**What is needed**
Every line from the beginning of the data through the line containing "Picture of ANDRAS SIDE TABLE, BLACK" should be reproduced exactly, and no further lines should be output.

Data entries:
···
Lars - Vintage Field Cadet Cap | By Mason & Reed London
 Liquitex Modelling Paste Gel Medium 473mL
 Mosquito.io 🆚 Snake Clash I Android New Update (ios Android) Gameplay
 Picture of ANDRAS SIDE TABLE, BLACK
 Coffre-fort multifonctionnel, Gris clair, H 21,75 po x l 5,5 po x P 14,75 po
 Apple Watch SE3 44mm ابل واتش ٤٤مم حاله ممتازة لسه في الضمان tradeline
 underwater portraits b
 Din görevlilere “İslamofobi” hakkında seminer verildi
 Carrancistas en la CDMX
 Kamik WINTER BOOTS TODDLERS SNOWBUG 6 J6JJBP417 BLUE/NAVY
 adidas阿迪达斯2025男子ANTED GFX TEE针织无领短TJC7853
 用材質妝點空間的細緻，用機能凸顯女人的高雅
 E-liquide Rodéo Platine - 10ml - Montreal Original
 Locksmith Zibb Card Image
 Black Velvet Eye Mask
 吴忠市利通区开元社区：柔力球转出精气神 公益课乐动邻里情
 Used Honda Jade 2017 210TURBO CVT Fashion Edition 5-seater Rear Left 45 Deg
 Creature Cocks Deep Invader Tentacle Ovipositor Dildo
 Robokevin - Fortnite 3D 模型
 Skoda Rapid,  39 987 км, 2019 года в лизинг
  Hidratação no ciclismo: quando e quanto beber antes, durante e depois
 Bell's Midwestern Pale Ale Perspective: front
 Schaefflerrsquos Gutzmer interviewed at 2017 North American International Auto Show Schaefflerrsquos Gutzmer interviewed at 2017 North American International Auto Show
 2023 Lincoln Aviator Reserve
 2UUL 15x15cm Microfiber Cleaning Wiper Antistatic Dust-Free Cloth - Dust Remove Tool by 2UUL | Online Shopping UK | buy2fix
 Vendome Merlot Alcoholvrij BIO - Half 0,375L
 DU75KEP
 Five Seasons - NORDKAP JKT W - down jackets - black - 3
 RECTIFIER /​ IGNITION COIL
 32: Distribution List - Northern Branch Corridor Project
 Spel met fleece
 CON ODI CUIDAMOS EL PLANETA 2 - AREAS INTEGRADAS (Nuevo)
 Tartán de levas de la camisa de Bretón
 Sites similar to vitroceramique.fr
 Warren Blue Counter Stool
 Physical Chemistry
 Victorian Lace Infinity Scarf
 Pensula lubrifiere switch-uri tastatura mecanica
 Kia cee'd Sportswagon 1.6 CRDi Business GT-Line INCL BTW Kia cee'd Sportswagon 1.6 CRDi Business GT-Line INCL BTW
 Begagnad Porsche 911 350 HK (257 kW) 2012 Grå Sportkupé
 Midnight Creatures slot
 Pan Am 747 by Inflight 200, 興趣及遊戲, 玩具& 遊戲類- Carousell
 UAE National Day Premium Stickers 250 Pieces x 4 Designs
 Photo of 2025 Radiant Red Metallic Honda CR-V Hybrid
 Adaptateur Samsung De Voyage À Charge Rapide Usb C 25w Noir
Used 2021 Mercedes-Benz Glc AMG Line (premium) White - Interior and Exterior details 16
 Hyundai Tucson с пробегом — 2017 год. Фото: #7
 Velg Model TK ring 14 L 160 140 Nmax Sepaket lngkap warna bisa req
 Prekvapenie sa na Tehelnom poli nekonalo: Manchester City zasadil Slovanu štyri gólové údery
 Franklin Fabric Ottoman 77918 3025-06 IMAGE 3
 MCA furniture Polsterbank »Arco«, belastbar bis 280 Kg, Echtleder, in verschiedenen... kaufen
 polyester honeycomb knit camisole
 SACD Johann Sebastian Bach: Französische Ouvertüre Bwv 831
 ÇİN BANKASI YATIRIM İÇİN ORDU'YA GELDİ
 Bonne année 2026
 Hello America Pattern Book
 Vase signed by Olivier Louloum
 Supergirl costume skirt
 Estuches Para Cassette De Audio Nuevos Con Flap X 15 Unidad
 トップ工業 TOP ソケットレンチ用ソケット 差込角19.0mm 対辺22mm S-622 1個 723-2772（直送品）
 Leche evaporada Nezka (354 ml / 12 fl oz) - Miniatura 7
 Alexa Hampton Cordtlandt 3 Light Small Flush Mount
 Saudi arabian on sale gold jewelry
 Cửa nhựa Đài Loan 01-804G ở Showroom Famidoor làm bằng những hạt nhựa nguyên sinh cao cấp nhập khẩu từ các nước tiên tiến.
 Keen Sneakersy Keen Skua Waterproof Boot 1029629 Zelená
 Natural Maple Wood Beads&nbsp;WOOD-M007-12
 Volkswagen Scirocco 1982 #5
···
**Exercise solution**
Lars - Vintage Field Cadet Cap | By Mason & Reed London
 Liquitex Modelling Paste Gel Medium 473mL
 Mosquito.io 🆚 Snake Clash I Android New Update (ios Android) Gameplay
 Picture of ANDRAS SIDE TABLE, BLACK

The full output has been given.